How Robotics and AI Will Transform Warfare and the Future of Human Conflict.
The first wave of the robotic revolution is underway: smart, precision-guided weapons are proliferating into every corner of war. The big cruise missiles and laser-guided smart bombs that revolutionized air campaigns in operation Desert Storm and thereafter were only a prelude. Today, precision is rapidly migrating to smaller, cheaper, and more plentiful classes of weapons and may soon be practically universal. The idea of “one shot, one kill” will become the standard for almost every class of weapon, large and small. By understanding the consequences of universal precision, we can see how this first wave of the robotic revolution will cause all the changes that follow.

Robotics and artificial intelligence are accelerating the rate of change and the lethality of military weapons. In “Beast in the Machine,” author George Dougherty traces both the history and future of autonomy on the battlefield. This excerpt is reprinted by permission of the author and his publisher, Ben Bella Books. Buy the book from your favorite bookseller.
When one missile, shell, or bullet produces the intended effect that previously required hundreds or thousands, weapon lethality increases by a hundred or even a thousand times. Such a huge increase not only offers tremendous advantages in combat, it alters the power relationship between weapons and targets and the fundamental dynamics of battle. The battlefield becomes a vastly more lethal place. The proliferation of precision robotic weapons will have major consequences for the shape of future forces, the tempo of battle, the role of information, and the need for combat AI. This first wave of robotic change, already rising, will drive and shape the subsequent waves, because the traditional military tactics and systems that worked in the past cannot survive on a battlefield ruled by universal precision.
A REVOLUTION IN LETHALITY
How significant will the consequences of this transition be? In 1964, military historian Trevor N. Dupuy introduced the concept of weapon lethality as a means for analyzing the effects of advancing weapon technologies through history. At the time, most military thinkers measured weapons by firepower, which was their output in terms such as rounds per minute, or by the throw weight of artillery shells per hour. Instead, Dupuy focused on their effects on the enemy. He defined weapon lethality as “the inherent capability of a given weapon to kill personnel or make materiel ineffective in a given period of time.” He proposed a universal “lethality index” that allowed weapons from different periods to be compared against each other. The smoothbore musket of the Napoleonic period received a lethality index score of 47. The late 1800s breech-loading rifle received a 229. The World War II-era machine gun received a lethality score of 17,980, due to its high rate of fire.

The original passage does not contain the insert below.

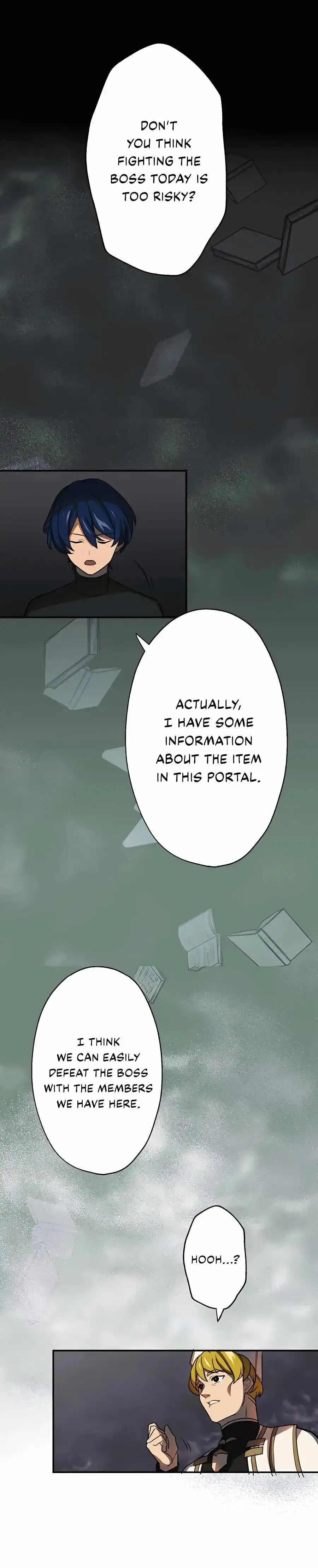 Reborn Ranker Gravity User Chapter 39 - Page 20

The World War II 155 mm howitzer scored approximately half a million.
According to Dupuy’s index, a World War II-era machine gun was 382 times as lethal as a Napoleonic musket, and the World War II 155 mm howitzer about 125 times as lethal as a Napoleonic field gun. There is no doubt that a Napoleonic regiment would have been cut down in minutes on a World War II battlefield. Due to the tremendous increase in weapon lethality, the shape of military units and their tactics had to change dramatically between those periods. In particular, Dupuy noted that greater weapon lethality forced greater dispersion of military formations. He even proposed a mathematical relationship between weapon lethality and dispersion. World War II forces fought in much more dispersed formations, used low-visibility colors and camouflage, and emphasized mobility.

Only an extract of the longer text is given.